PROBLEM STATEMENT
Beginning with the line that contains "Flat Vector Illustration", retype the entries below exactly, ending with the line that contains "Feet against the". Leave out any pictures.

PROVIDED RECORDS
*** Begin section ***
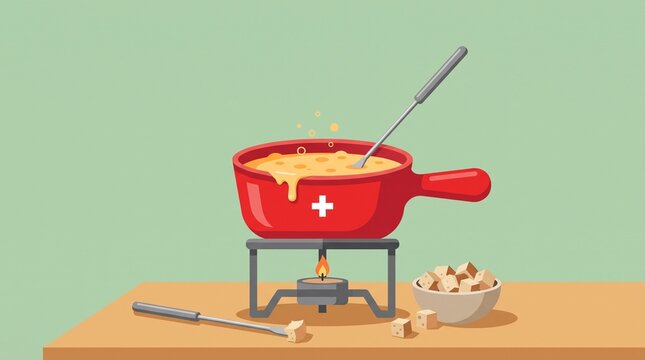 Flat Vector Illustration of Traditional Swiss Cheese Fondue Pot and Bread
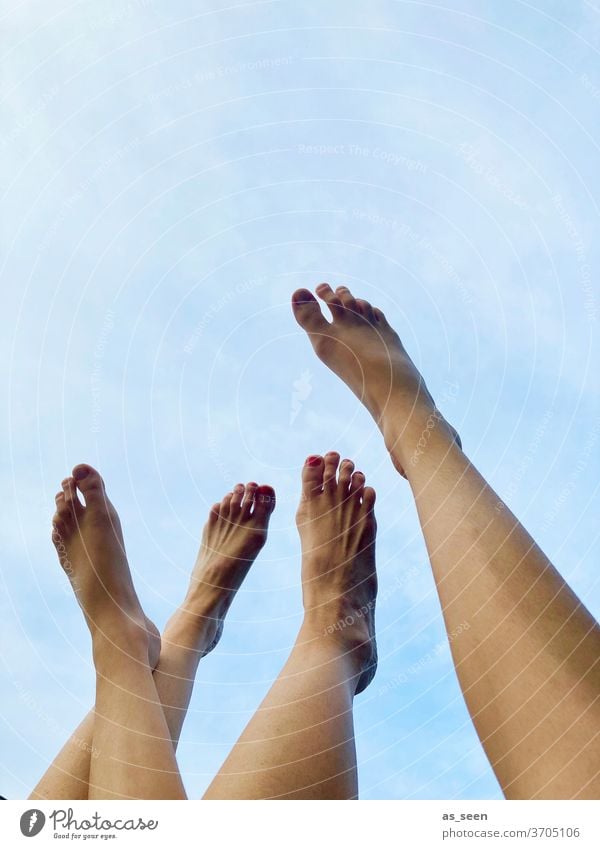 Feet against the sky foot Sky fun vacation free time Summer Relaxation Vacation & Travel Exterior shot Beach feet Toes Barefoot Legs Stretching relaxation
*** End section ***
*** Begin section ***
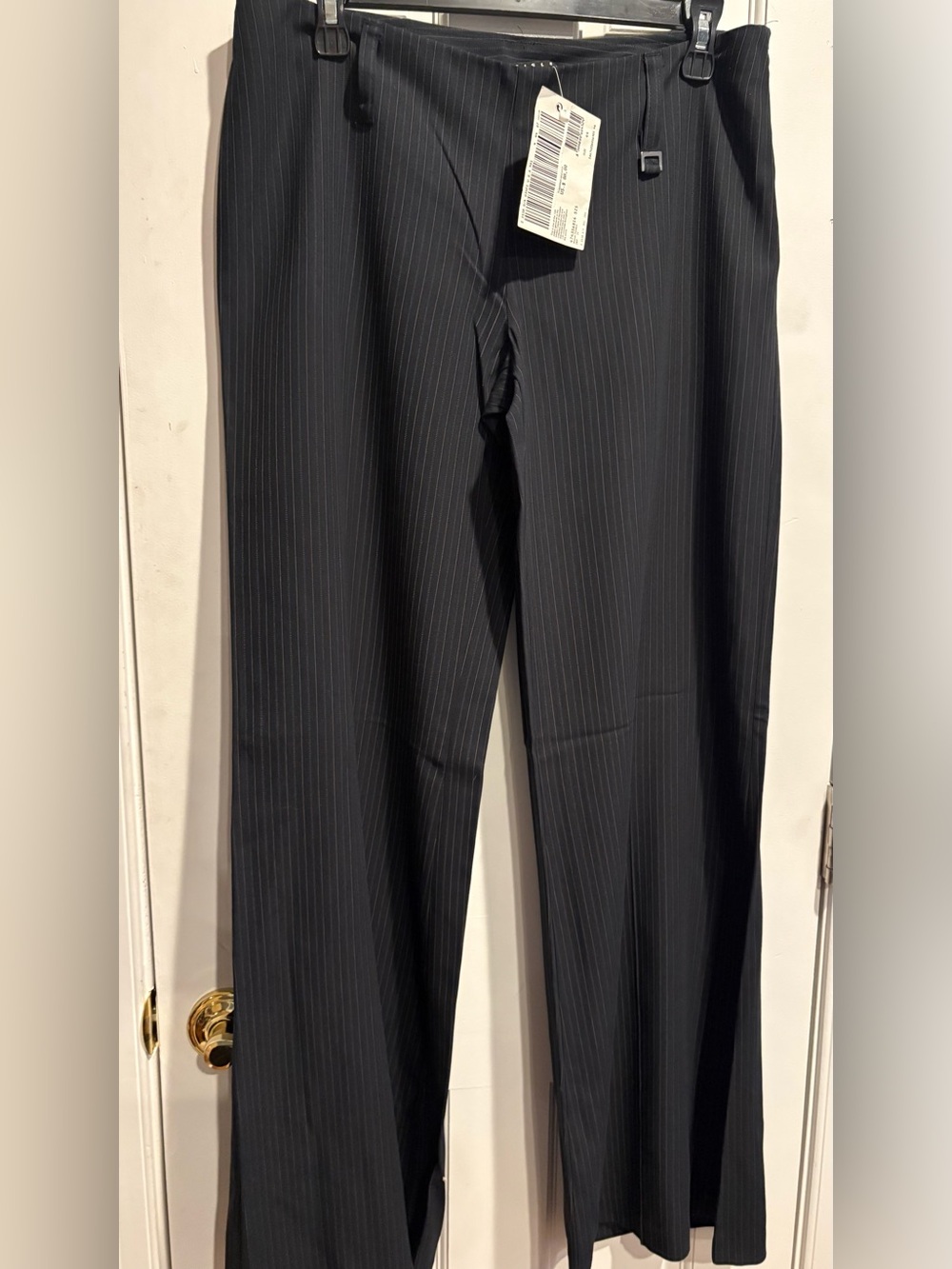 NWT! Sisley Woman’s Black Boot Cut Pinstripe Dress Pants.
*** End section ***
*** Begin section ***
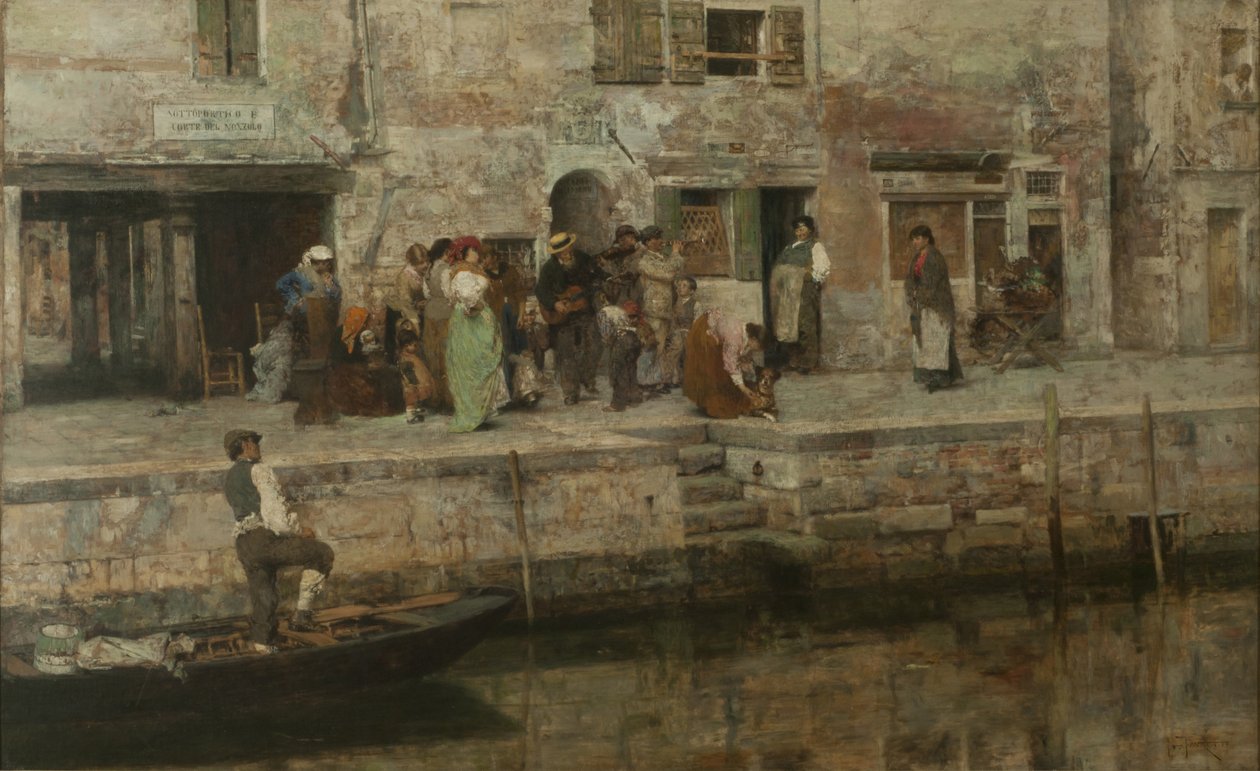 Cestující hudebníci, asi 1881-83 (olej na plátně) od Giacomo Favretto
*** End section ***
WRITTEN ANSWER
 Flat Vector Illustration of Traditional Swiss Cheese Fondue Pot and Bread
 Feet against the sky foot Sky fun vacation free time Summer Relaxation Vacation & Travel Exterior shot Beach feet Toes Barefoot Legs Stretching relaxation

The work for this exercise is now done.